§ Data for review:
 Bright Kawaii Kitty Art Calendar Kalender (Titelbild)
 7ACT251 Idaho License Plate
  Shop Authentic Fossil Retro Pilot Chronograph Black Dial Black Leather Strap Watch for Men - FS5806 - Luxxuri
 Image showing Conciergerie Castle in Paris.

==

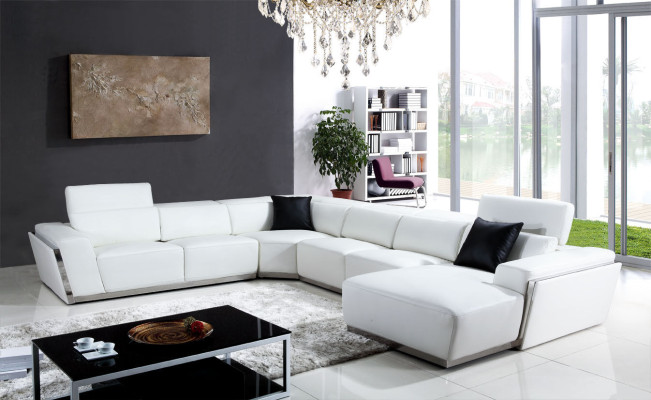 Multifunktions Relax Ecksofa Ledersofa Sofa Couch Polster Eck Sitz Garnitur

§ What to work on:
Please return only the lines above, starting at the line that has "Bright Kawaii Kitty" and ending at the line that has "Image showing Conciergerie Castle in Paris.", keeping both and leaving each one unchanged.

§ Result:
 Bright Kawaii Kitty Art Calendar Kalender (Titelbild)
 7ACT251 Idaho License Plate
  Shop Authentic Fossil Retro Pilot Chronograph Black Dial Black Leather Strap Watch for Men - FS5806 - Luxxuri
 Image showing Conciergerie Castle in Paris.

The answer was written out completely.